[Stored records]
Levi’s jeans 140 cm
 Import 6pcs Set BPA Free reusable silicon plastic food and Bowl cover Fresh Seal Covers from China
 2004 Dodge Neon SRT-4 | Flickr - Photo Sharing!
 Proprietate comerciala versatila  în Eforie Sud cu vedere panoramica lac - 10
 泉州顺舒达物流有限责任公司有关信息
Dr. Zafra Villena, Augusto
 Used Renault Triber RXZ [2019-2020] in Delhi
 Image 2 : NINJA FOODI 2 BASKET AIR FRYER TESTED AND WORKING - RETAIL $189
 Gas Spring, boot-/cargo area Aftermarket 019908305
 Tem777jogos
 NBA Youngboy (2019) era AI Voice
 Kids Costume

▶ The task: Write out again exactly the lines that run from the one holding "Dr. Zafra Villena, Augusto" through the last line of the data; omit all other lines.

▶ Exercise answer:
Dr. Zafra Villena, Augusto
 Used Renault Triber RXZ [2019-2020] in Delhi
 Image 2 : NINJA FOODI 2 BASKET AIR FRYER TESTED AND WORKING - RETAIL $189
 Gas Spring, boot-/cargo area Aftermarket 019908305
 Tem777jogos
 NBA Youngboy (2019) era AI Voice
 Kids Costume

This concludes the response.